PROVIDED ENTRIES Block Start

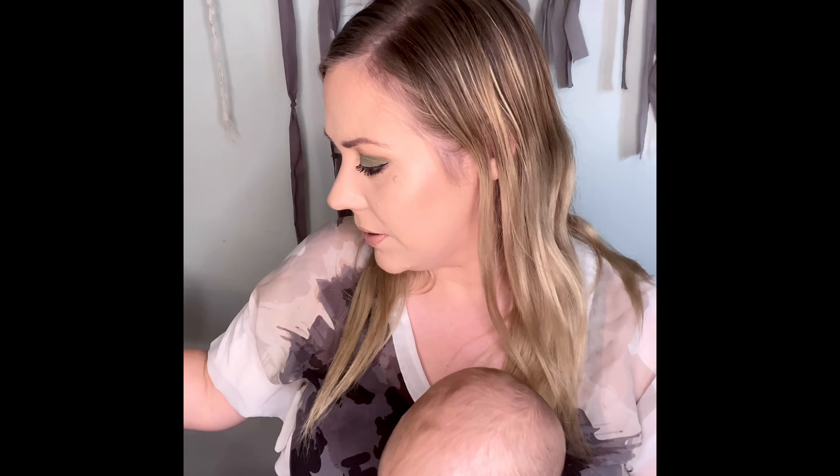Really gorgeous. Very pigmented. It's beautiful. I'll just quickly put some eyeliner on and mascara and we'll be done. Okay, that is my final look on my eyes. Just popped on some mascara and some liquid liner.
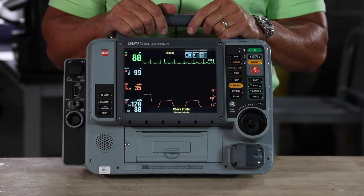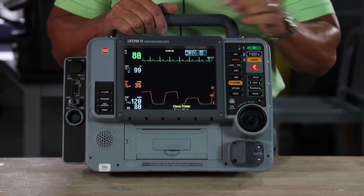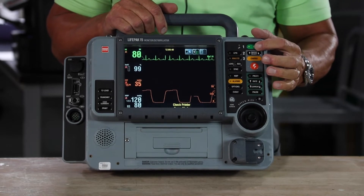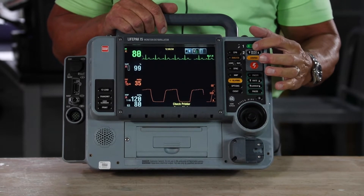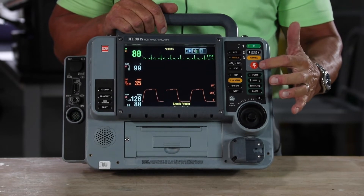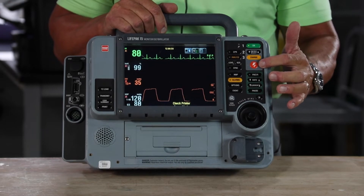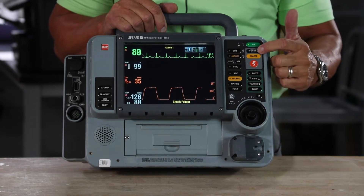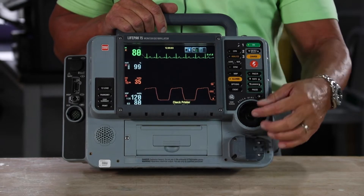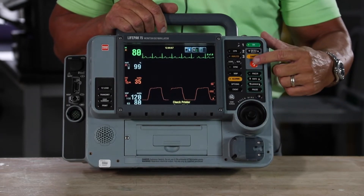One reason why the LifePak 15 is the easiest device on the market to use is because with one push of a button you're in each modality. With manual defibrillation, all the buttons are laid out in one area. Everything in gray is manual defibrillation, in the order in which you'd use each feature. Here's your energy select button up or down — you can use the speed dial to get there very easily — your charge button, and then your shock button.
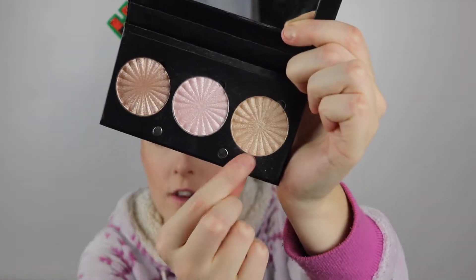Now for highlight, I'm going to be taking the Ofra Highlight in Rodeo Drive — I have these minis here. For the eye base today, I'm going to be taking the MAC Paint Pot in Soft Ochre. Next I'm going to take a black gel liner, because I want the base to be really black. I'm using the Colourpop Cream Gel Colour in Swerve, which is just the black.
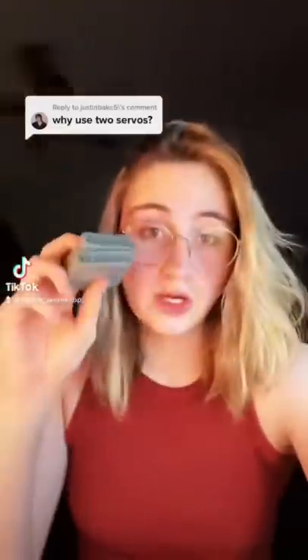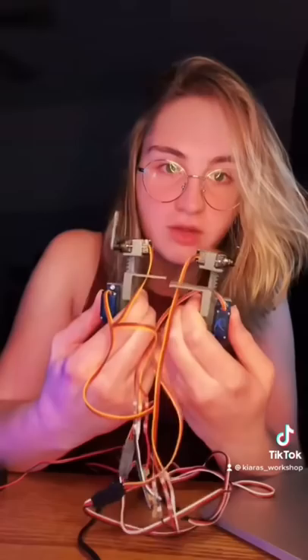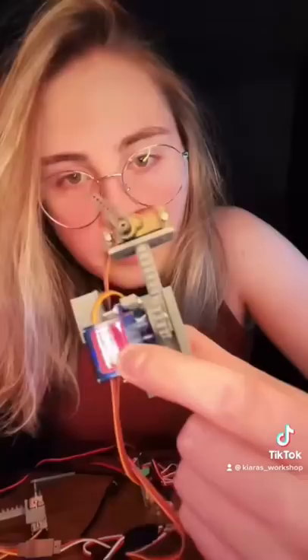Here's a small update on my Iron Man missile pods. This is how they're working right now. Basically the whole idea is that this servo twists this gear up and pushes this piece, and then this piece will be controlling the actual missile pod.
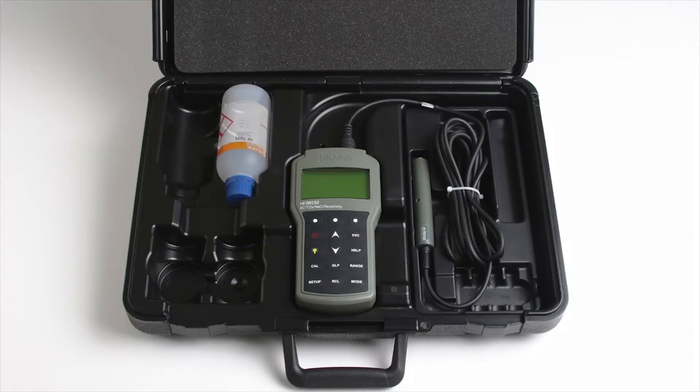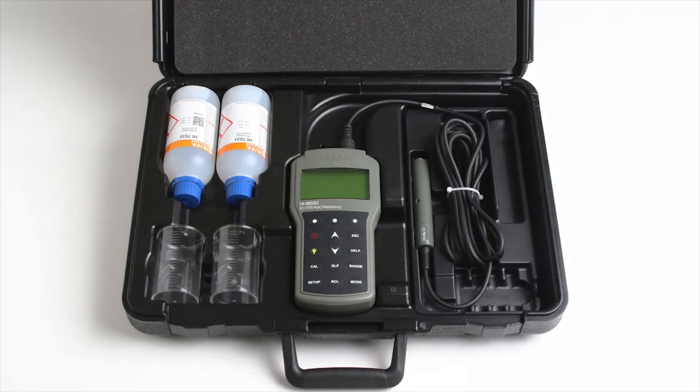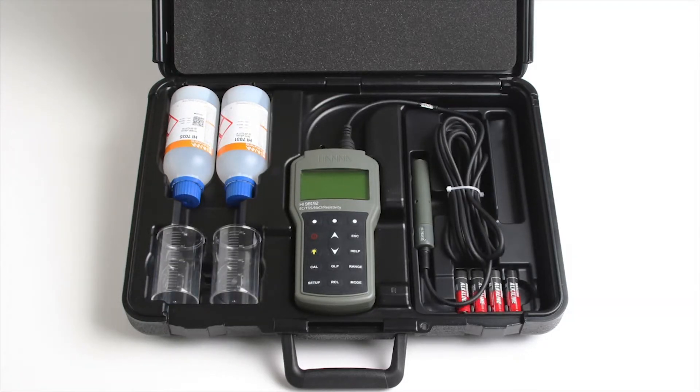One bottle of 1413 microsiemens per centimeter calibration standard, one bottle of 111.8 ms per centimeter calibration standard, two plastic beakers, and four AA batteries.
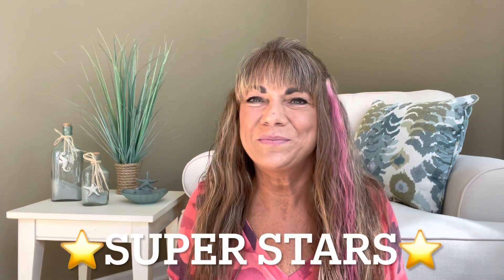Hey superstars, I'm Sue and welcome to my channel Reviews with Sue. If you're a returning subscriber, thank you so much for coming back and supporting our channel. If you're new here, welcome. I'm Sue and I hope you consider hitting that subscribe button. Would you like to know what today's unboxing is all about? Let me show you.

PROVIDED ENTRIES Block End
PROVIDED ENTRIES Block Start

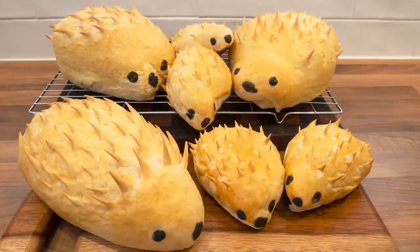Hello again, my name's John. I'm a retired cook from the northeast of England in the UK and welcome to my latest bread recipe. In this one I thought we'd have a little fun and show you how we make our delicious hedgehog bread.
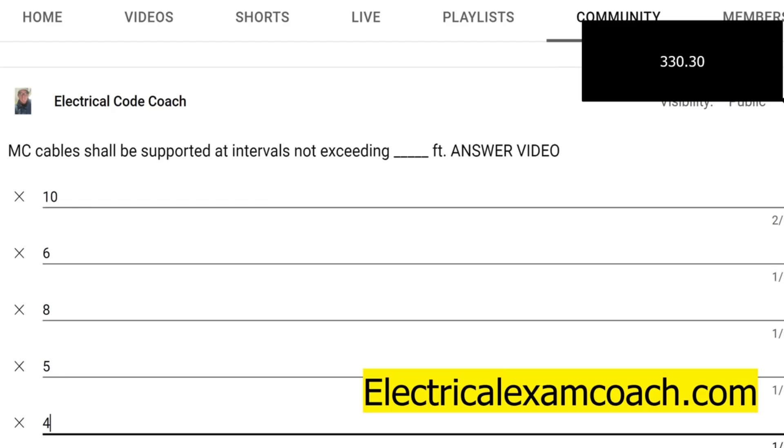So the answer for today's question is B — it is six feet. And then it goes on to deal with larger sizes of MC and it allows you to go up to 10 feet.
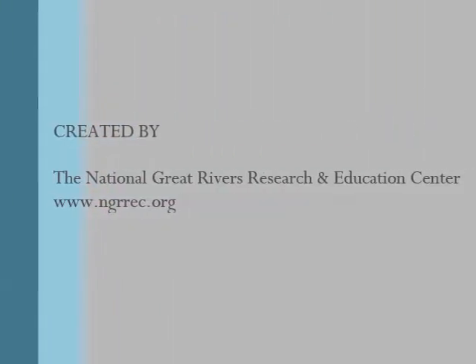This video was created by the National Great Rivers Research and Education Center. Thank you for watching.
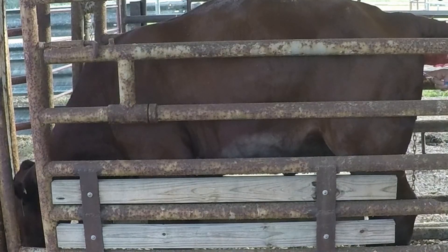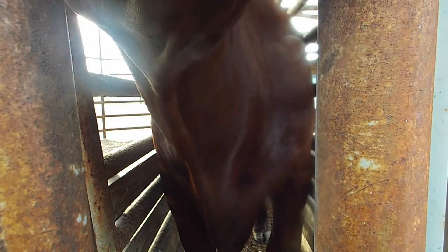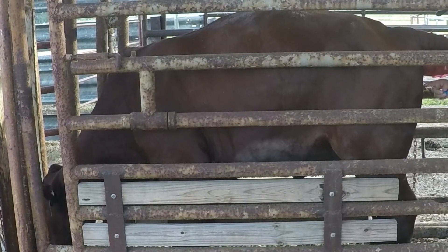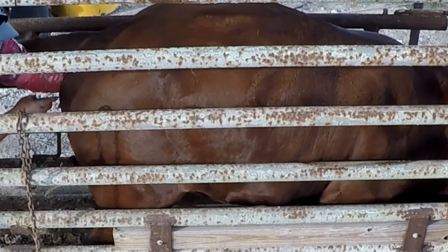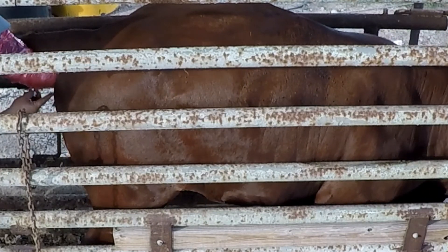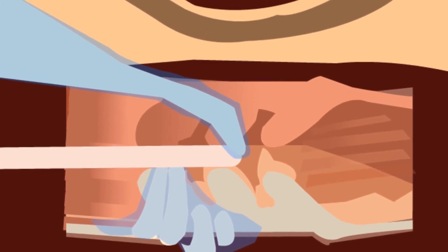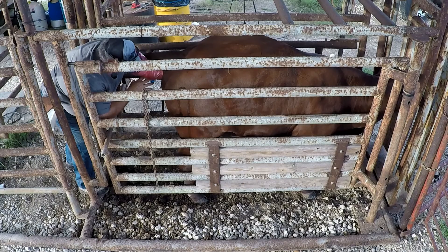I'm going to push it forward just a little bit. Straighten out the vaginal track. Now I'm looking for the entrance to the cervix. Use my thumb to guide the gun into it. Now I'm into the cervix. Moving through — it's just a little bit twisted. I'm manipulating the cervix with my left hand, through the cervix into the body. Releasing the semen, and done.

PROVIDED ENTRIES Block End

# [TASK TO CARRY OUT]
Transcribe the listing above exactly, but only from the line with "Really gorgeous. Very" through the line with "One reason why". Include both of those lines and omit the pictures.

# [THE ANSWER]
Really gorgeous. Very pigmented. It's beautiful. I'll just quickly put some eyeliner on and mascara and we'll be done. Okay, that is my final look on my eyes. Just popped on some mascara and some liquid liner.
One reason why the LifePak 15 is the easiest device on the market to use is because with one push of a button you're in each modality. With manual defibrillation, all the buttons are laid out in one area. Everything in gray is manual defibrillation, in the order in which you'd use each feature. Here's your energy select button up or down — you can use the speed dial to get there very easily — your charge button, and then your shock button.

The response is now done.